Aquella frente manchada inspiró a los esquilmados campesinos el respeto de las
cumbres donde se muestra a los viajeros la peña partida por el rayo. Admiraron
a don Onofre doblemente; se le aproximaban con reparo religioso que él tomó por
asco. ¡Asco, el asco ardiente que se tenía a sí propio! No se resignó.

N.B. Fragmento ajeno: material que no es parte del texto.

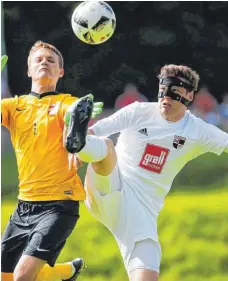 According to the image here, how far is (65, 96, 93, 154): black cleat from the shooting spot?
5195 mm

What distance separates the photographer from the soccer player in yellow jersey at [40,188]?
537cm

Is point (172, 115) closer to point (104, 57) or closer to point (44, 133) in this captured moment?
point (44, 133)

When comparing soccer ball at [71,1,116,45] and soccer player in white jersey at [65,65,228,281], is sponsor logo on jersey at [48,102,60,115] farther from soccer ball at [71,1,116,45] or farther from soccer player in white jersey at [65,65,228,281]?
soccer ball at [71,1,116,45]

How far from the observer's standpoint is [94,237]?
8.59m

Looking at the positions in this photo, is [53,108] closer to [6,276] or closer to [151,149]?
[151,149]

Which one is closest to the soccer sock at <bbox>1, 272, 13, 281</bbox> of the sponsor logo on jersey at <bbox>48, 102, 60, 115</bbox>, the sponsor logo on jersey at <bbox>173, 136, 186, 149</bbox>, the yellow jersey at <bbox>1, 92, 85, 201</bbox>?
the yellow jersey at <bbox>1, 92, 85, 201</bbox>

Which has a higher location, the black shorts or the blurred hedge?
the black shorts

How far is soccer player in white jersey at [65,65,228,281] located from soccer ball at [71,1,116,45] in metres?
0.50

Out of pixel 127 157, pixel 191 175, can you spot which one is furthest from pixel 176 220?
pixel 127 157

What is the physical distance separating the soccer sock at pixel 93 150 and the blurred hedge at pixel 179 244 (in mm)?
2791

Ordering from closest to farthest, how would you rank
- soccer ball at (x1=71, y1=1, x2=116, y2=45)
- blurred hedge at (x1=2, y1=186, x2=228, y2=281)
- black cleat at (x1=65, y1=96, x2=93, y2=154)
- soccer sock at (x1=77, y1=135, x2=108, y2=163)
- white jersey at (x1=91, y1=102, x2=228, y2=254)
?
black cleat at (x1=65, y1=96, x2=93, y2=154), soccer sock at (x1=77, y1=135, x2=108, y2=163), white jersey at (x1=91, y1=102, x2=228, y2=254), soccer ball at (x1=71, y1=1, x2=116, y2=45), blurred hedge at (x1=2, y1=186, x2=228, y2=281)

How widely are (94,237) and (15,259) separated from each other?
3.11 m

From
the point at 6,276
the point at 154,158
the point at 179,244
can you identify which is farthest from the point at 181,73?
the point at 179,244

Forcejeó, en largas pesadillas, con los fantasmas purulentos; al despertar
había en la almohada lágrimas de espanto. Lucharía; no moriría así, no, maldito
por el destino. Se arruinaría con tal de curarse, con tal siquiera de esconder
su mal.
Y
en persecución del milagro bajó los ríos, cruzó los mares.¡Qué tortura, ante la
repugnancia, el odio, el pánico, gesticulantes en torno a su lepra! Sus compañeros
de camarote huían despavoridos; sus comensales le relegaban a un extremo
desierto de la mesa, o se iban furiosos. Se le rechazó, se le aisló, se le
encepó; era un apestado, era la peste. Oía a su paso protestas, órdenes, un
rabioso fregar de cacharros y cubiertos. Olía de continuo el ejército de
sustancias desinfectantes con que se abroquelaban los dichosos. Don Onofre
imploró lástima. Se dirigió a los sirvientes, a cuantos se arriesgaban a
escucharle. Dijo que era rico, muy rico. Despilfarró ostensiblemente el
champaña; arrojó habanos casi enteros; se cuajó las manos de brillantes.
«Soportadme, suplicaba, soy rico, muy rico». Y a la postre algunos ojos le
acariciaron, algunas frases le fingieron la inmortal música de la piedad, y
algunas señoritas casaderas le sonrieron. ¡La higiene está tan adelantada!
Los
médicos se lo enviaron entre ellos como una pelota podrida. Los más célebres
eran los más caros; don Onofre no apreció otra diferencia. Le ordenaron
cambiar, cambiar siempre de clima, de costumbres, de régimen. A fuerza de
cambiar, repetía. Emigraba al Sur, y le hacían retroceder al Norte. Le
prohibían comer carne o fécula, y se la imponían de nuevo. Le introdujeron
pociones, píldoras, tinturas, cocimientos. Le remojaron, le bañaron, le
fumigaron, le untaron de pomada, glicerados, aguas corrosivas, mantecas,
aceites. Le lavaban y le volvían a untar. Uno le aplicó estiércol. Otro le
recetó una preparación de oro. ¡Oro!¡Eso era lo principal!
Don
Onofre regresó a su feudo, con menos dinero y con más lepra. Regresó
enloquecido. Él era la lepra, y el mundo un espasmo de aversión, una inmensa
náusea.
Y
entonces, en las honduras de sus entrañas enfermas, la vieja tentación se alzó.
Don Onofre «sabía». ¿Quién no sabe que la lepra, el castigo del cielo, sólo se
sana con la sangre inocente de un niño?
Y
don Onofre, tranquilizado, consolado, se puso a meditar.